● **WHAT IS BEING ASKED**
Shown below is a listing with pictures; reproduce exactly, and only, the lines between the ones containing "Back house at" and "Our Olneya Nakiri", inclusive, leaving the pictures out.

── INPUT DATA ──

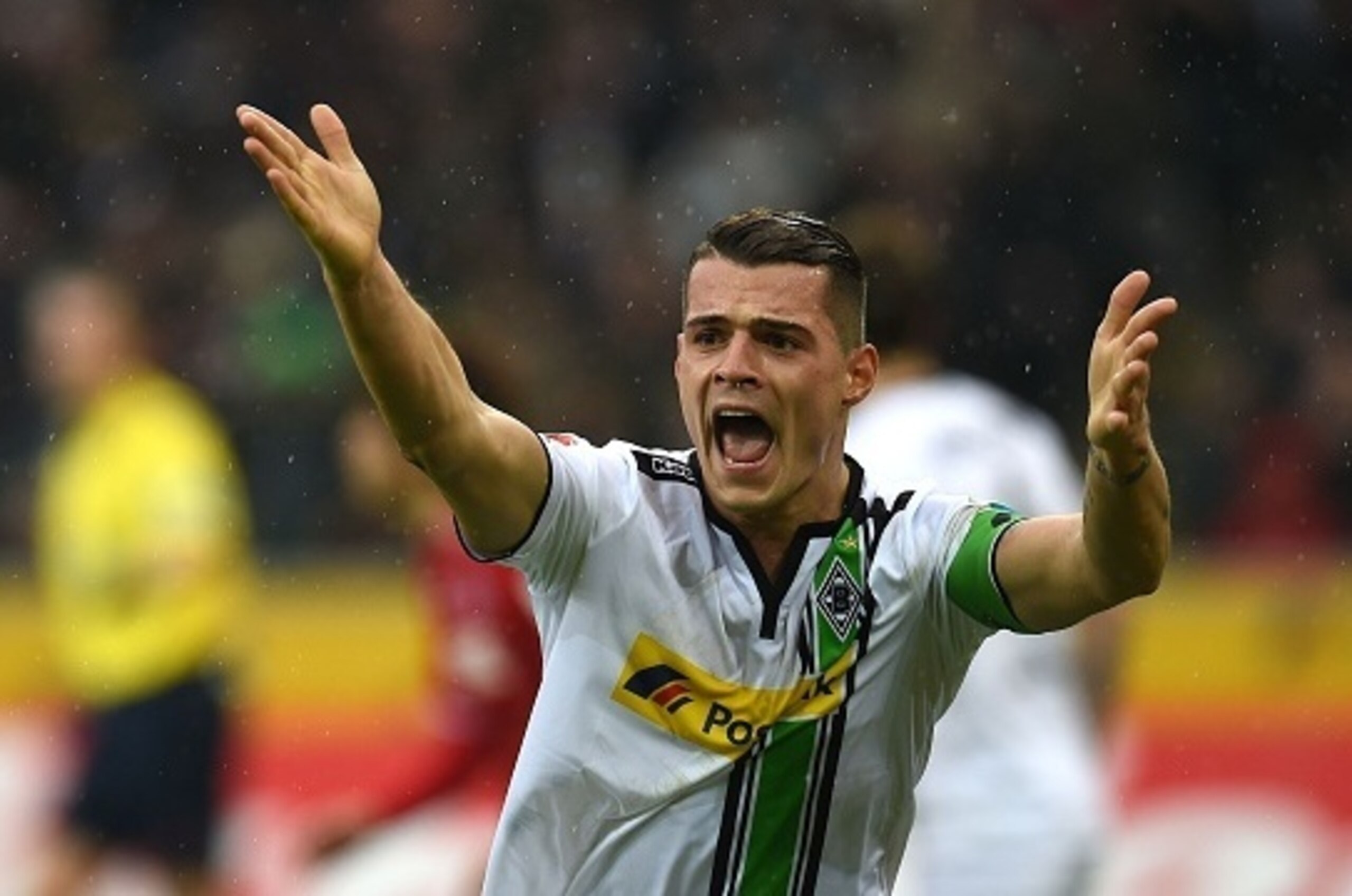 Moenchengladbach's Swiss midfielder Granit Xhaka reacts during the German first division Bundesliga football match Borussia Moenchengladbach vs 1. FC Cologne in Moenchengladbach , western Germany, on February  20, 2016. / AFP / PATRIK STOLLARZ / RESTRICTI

───
── INPUT DATA ──

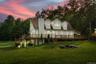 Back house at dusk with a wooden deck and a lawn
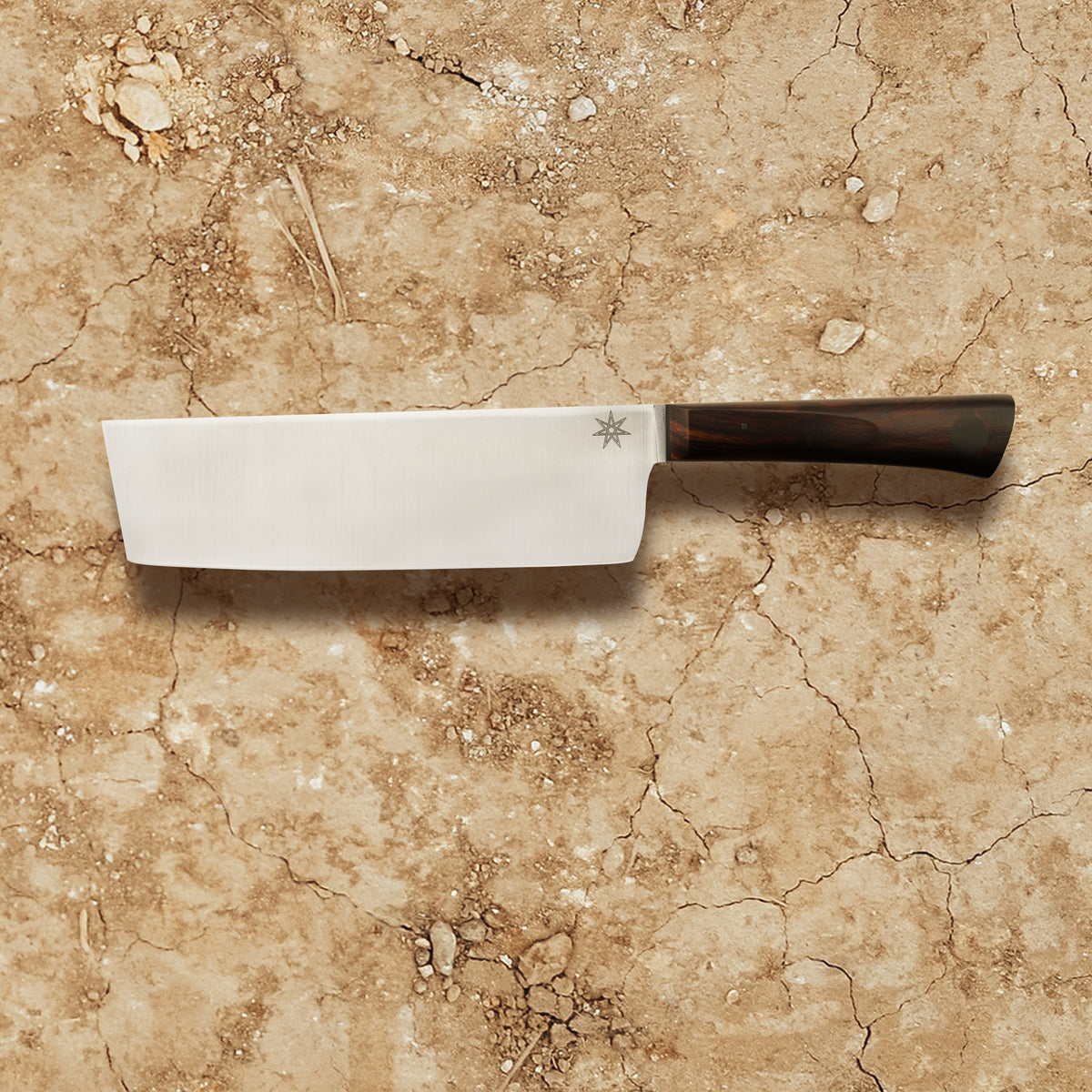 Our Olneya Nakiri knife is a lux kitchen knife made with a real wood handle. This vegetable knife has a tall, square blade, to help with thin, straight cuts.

───
── INPUT DATA ──

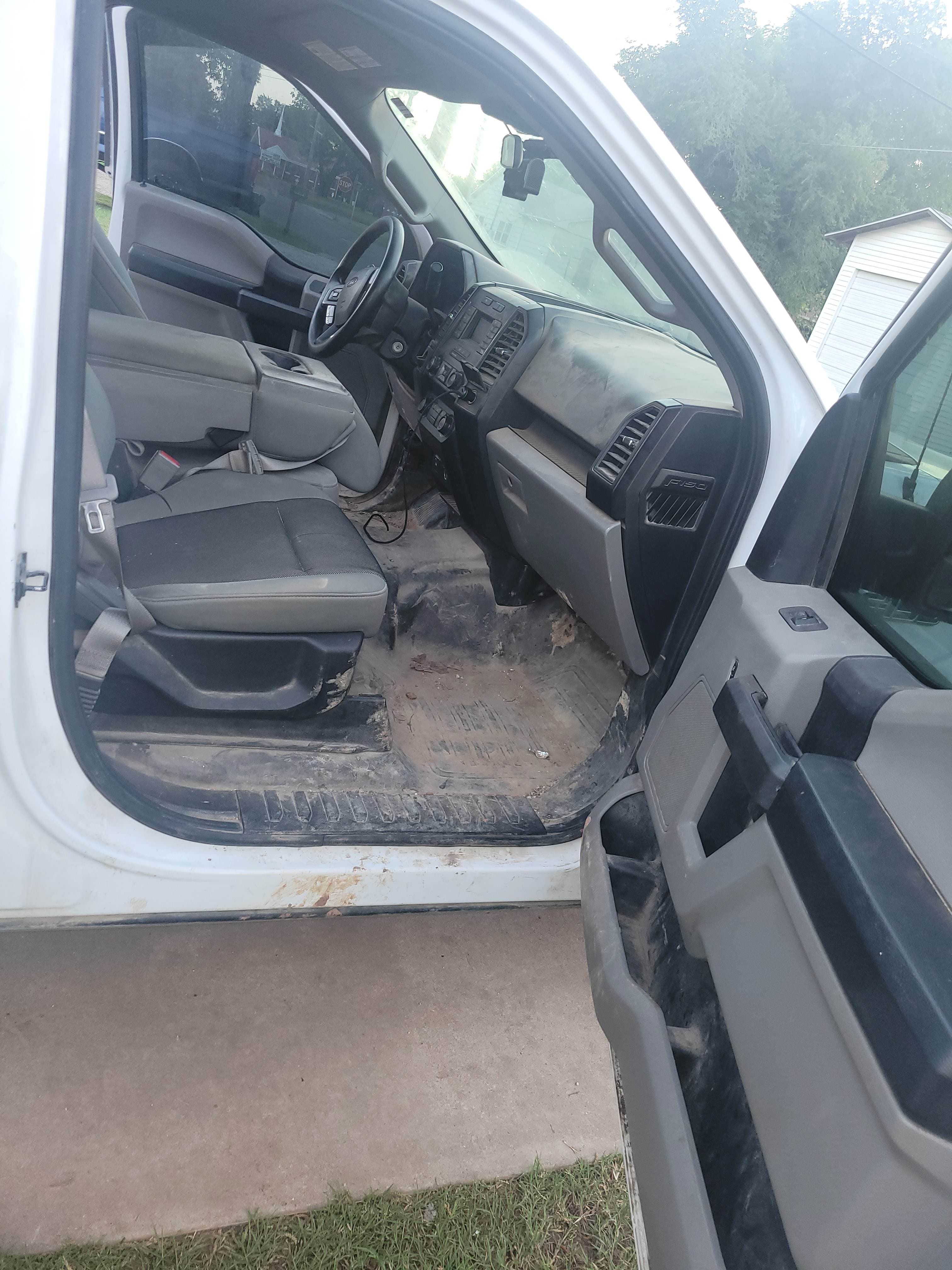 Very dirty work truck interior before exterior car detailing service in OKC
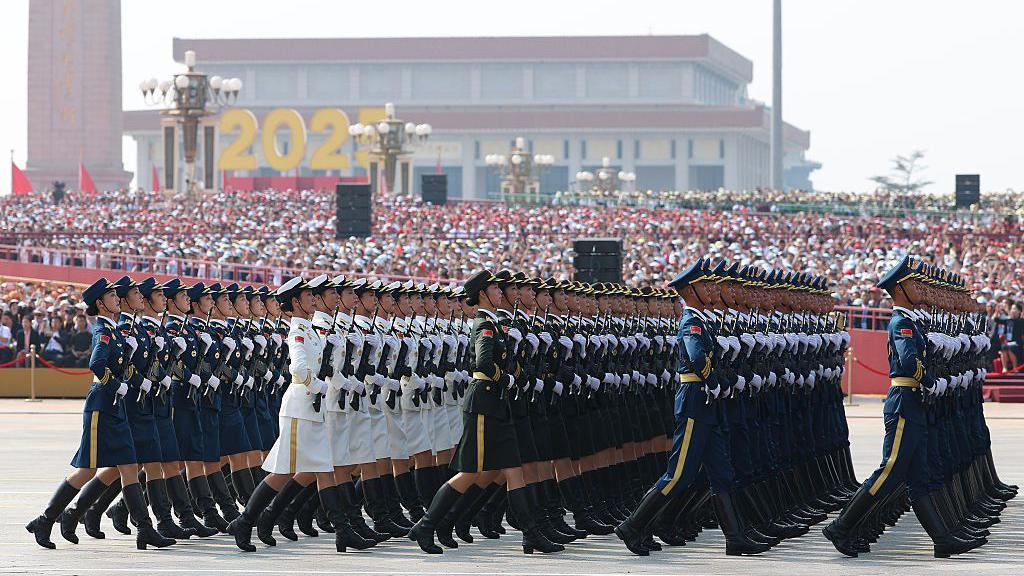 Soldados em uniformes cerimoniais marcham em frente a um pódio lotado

───

● **ANSWER SECTION**
 Back house at dusk with a wooden deck and a lawn
 Our Olneya Nakiri knife is a lux kitchen knife made with a real wood handle. This vegetable knife has a tall, square blade, to help with thin, straight cuts.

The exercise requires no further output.